Crystalline Solids - Definition, Classification, Practice problems and FAQ

Consider diamond, gold, and common salt. Are they similar?

To some extent, yes. Because all these are solids and have a regular arrangement of their constituent particles.

Do the constituent particles in these solids have a similar force of attraction between them?

Not in the least!

Hence, it is important to study solids which show a regular pattern of arrangement of constituent particles, also called crystalline solids based on the nature of bonding.

Matter is classified into solid, liquid, and gas. Further solids are classified as crystalline and amorphous solids.

Among these two solids, why do we only want to study crystalline solids and their classification?

Most of the solids that we observe in our day to day life are crystalline solids, which have a wide range of applications. These solids are also called true solids whereas amorphous solids are called pseudo solids.

Let's discuss crystalline solids in detail.

TABLE OF CONTENTS

Definition of Crystalline Solids
Classification of Crystalline Solids
Ionic Solids
Covalent Solids
Metallic Solids
Molecular Solids
Practice Problems
Frequently Asked Questions - FAQ

Definition of Crystalline Solids

A solid is said to be crystalline if its various constituent particles are arranged in a definite geometric pattern in three-dimensional space so that there is a long-range order of the constituent particles.

Based on the nature of constituent particles & the binding force present between the particles, crystalline solids are classified as:

Classification of Crystalline Solids

Ionic solids

Ions are the constituent particles of ionic solids, and these are held together by the electrostatic force of attraction.
They are formed by the three-dimensional arrangement of cations and anions bound by strong electrostatic forces of attraction.

Characteristics of Ionic solids:

They are hard and brittle.
They have high melting and boiling points.
Since the ions are not free to move, they are electrical insulators in solid state.
However, in a molten state or when dissolved in water, the ions become free to move and conduct electricity. Examples: NaCl, ZnS, CsCl, CaF₂, etc.

Covalent Solids

A wide variety of crystalline solids of non-metals result from the formation of covalent bonds between the adjacent atoms throughout the crystal.
In other words, the atoms or chemical subunits (the part of the crystal that is repeated to give the entire crystal) are bonded by conventional covalent bonds in a continuous network to form a covalent solid.
They are also known as giant molecules or network solids. Examples: Diamond, graphite, and silicate.

Characteristics of Covalent Solids :

Due to the strength and the directional nature of covalent bonds, the atoms are held very strongly at their positions. Hence, they are hard and brittle.
They have extremely high melting points and may even decompose before melting.
They are insulators.
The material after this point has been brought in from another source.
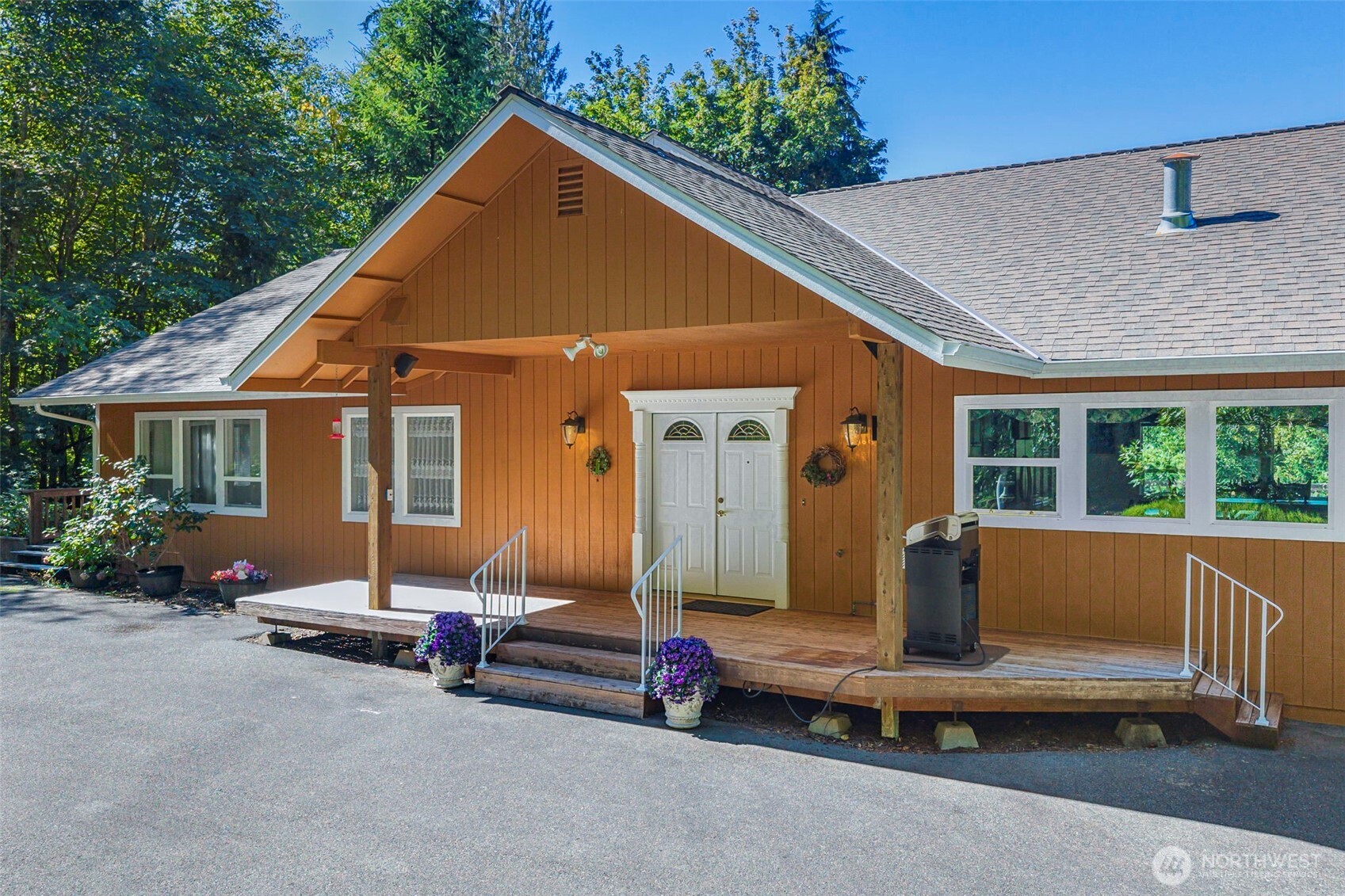 16705 92nd Street NW, Lakebay, WA 98349-9331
Examples: Diamond, graphite, quartz (SiO2), silicon carbide, etc.
Diamond is the hardest natural substance.

Metallic Solids

Metallic solids are composed of positively charged metal ions in a three-dimensional arrangement.
These positive ions are surrounded and held together by a sea of free electrons.

The positively charged gold metal ions are surrounded by a sea of free electrons.

Characteristics of Metallic solids:

Metallic solids possess lustre and are coloured in certain cases.
They are highly malleable (made into sheets on applying pressure) and ductile (can be drawn into thin wires) in nature.
They show high thermal and electrical conductivity due to the presence of free and mobile electrons. Examples: Fe, Cu, Ag, Mg, etc.

Molecular solids

In these solids, the constituent particles are molecules. Depending on the nature of molecules, these are subdivided into the following three types:

Non-polar Molecular solids	Polar Molecular solids	Hydrogen bonded Molecular solids
The constituent particles are either atoms like those of noble gasses or nonpolar molecules like H2,Cl2 ,I2,CH4, etc.	The constituent particles are polar molecules like HCl, SO2 etc.	The constituent particles are such molecules that contain a hydrogen atom linked to a highly electronegative atom that is small in size such as F, O or N. Examples: H2O, NH3, etc.
The forces operating between them are weak dispersion forces or London forces.	The forces holding these molecules together are dipole-dipole forces of attraction.	The strong hydrogen bond is holding the molecules together.
These are generally soft and due to weak intermolecular forces present in them, non-polar molecular solids are usually gaseous or liquid at room temperature and pressure.	These are soft. Polar molecular solids also exist as gases or liquids at room temperature and pressure.	They exist as volatile liquids or soft solids at room temperature and ordinary pressure.
They are non-conductors of electricity as there are no ions present.	They are non-conductors.	They are non-conductors of electricity.
As they are soft, they have low melting and boiling points.	Their melting and boiling points are comparatively higher than non-polar solids, though not so high.	Their melting and boiling points are higher than non-polar and polar molecular solids.

Practice Problems

Q1. Wax is an example of:

A. Ionic crystal

B. Covalent crystal

C. Molecular crystal

D. Amorphous crystal

Answer: C)

Wax is a molecular crystal solid. Here, the constituent particles are molecules and the molecules are held together by the weak Van der Waals forces of attraction.

Q2. Is H₂O (s) a crystalline solid?

Answer: H₂O (s) or Ice is a hydrogen bonded crystalline solid. Each H₂O molecule in ice is tetrahedrally bonded to 4 other H₂O molecules via hydrogen bonds. The cage-like structure of water molecules has a long-range order. Hence, H₂O (s) or ice is a crystalline solid.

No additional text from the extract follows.